Ah well i already ordered the sample pack from transfer paper canada, I mean it was 10 bucks for 10 sheets. only 8 of them are useable by an iron but, even then its cheaper than the avery stuff. 20 something dollars plus taxes for 5 sheets. lol

I think it may better than the Avery stuff since...wel it comes form a company that deals ONLY with transfer paper.
Hopefully by monday i will have it
And once i get it, ill print something out and iron it on, post results, then wash it, then post results and let you all know how it goes.


----------



## Girlzndollz (Oct 3, 2007)

*Re: for personal use only: can I use a home iron an ivory transfer paper with Kinkos laser copiers?*

Hey Cirrus,

I started with Avery and Canon dye ink. Talk about a rough start. But it was for fun, which lead to sales, which lead to me wanting to learn how to make a quality product, and that started me on my path the this forum. 

Hand ironing with Avery, I got great results. Right from the peel, you could not tell the difference between my Avery shirts and my later shirts of Ironall for lights and Jetprosofstretch shirts. 

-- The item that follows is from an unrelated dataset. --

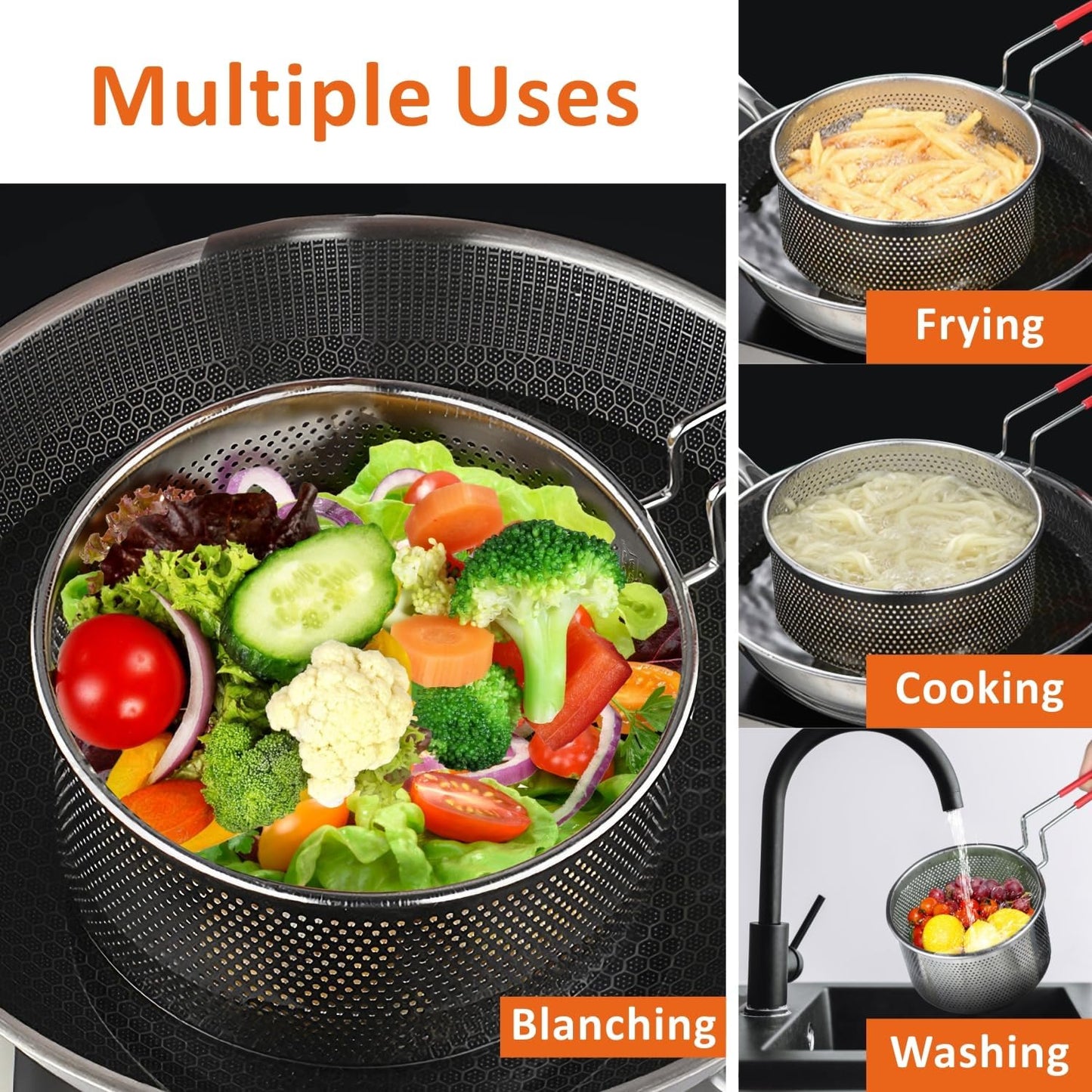Yimi 16.5 Inch Spider Strainer | Stainless Steel Kitchen Cooking Skimmer with Double Hook Long Handle | Spiral Wire Spoon Ladle with Reinforced Double Coil for Cooking and Frying, Ideal for Gift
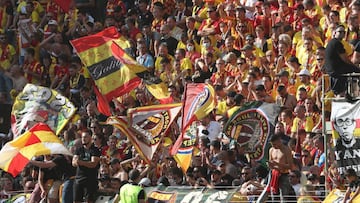 Soccer Football - Ligue 1 - RC Lens v Lille - Stade Bollaert-Delelis, Lens, France - September 18, 2021 RC Lens fans before the match REUTERS/Pascal Rossignol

I did not even have any real color loss until after about wash #6, which I think is a thumbs up for Avery, considering I was using Dye ink! I had worse color loss after wash one with some of my Ironall and Pigment ink test shirts. So, initial pressing and color loss (with dye, which usually washes out) was not the problems I had with Avery. 

The problem was, after about 6 washes, the shirt would start to "crack" and fine lines began to appear, which only grew worse with each wash from there... as well... the color loss began to become noticable...

Not good. I went to Ironall for lights because it stretches with the shirts instead of cracking and you can use it with a hand iron. I switched to an epson printer ($40 shipped to my house, a refurb from epson.com -great printer). I had heard of Ironall's fading problem, so I tested about 8 shirts with it, and found the Jerzees Heavyweight 50/50 cotton poly blend did not loss the color, so I was set (except I liked the quality of the Gildan's shirts better, but they had some fade.)

So now, without owning a press, I was able to make a shirt that did not fade, and did not crack.

I was able to earn enough money selling these shirts to pay for my press outright in a month or so. I bought a Mighty Press Lite 11x15 (I work in youth, so that size is fine for my use. I only use 8.5x11 papers, so my press is a sufficient size for that.)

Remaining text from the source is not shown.